Caroline s’arrêta court, et joua de travers.

« Je voudrais bien que nous pussions aller à Paris ensemble ; nous nous amuserions tant ! »

Et le cavalier de lord Doltimore fit échec à la tour et à la reine.

Caroline toussa ; elle étendit vivement la main pour avancer sa pièce.

« Pardon ; vous perdrez la partie si vous faites cela ? »

Lord Doltimore posa sa main sur celle de Caroline ; leurs yeux se rencontrèrent, Caroline détourna la tête, et Doltimore rajusta son col de chemise.
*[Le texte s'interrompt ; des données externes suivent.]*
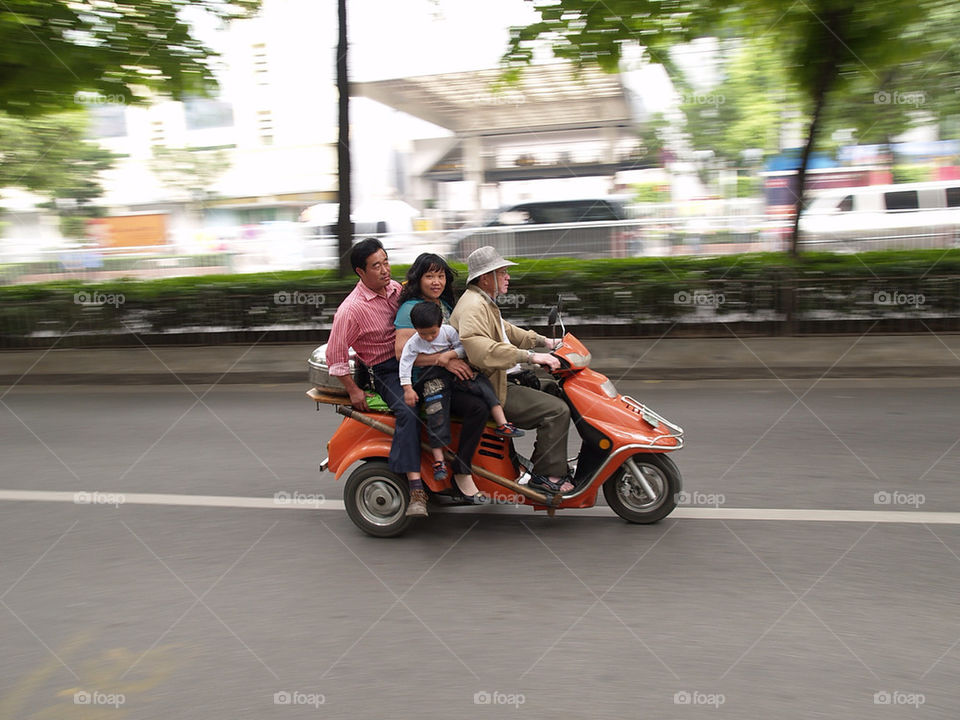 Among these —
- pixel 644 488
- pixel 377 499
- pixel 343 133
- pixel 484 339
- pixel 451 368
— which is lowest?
pixel 377 499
« Il est donc vrai ? Vous allez donc réellement nous quitter ? » dit Éveline. Elle se sentait bien triste. Mais pourtant cette tristesse pouvait bien n’être pas celle de l’amour ; elle s’était sentie toute triste aussi après le départ de Legard.

« Je ne pense pas rester longtemps absent, dit Maltravers en s’efforçant de parler avec indifférence. Burleigh m’est devenu plus cher qu’il ne me l’était dans ma jeunesse ; peut-être parce que je m’y suis créé des devoirs. En tout autre lieu je ne suis qu’un atome inutile et isolé du grand tout.

— Vous ! partout vous devez vous créer des occupations et des ressources ; vous ne devez vous trouver seul nulle part. Mais vous ne partez pas encore ?

— Non, pas encore. (La tristesse d’Éveline se dissipa en partie.) Avez-vous lu le livre que je vous ai envoyé ? »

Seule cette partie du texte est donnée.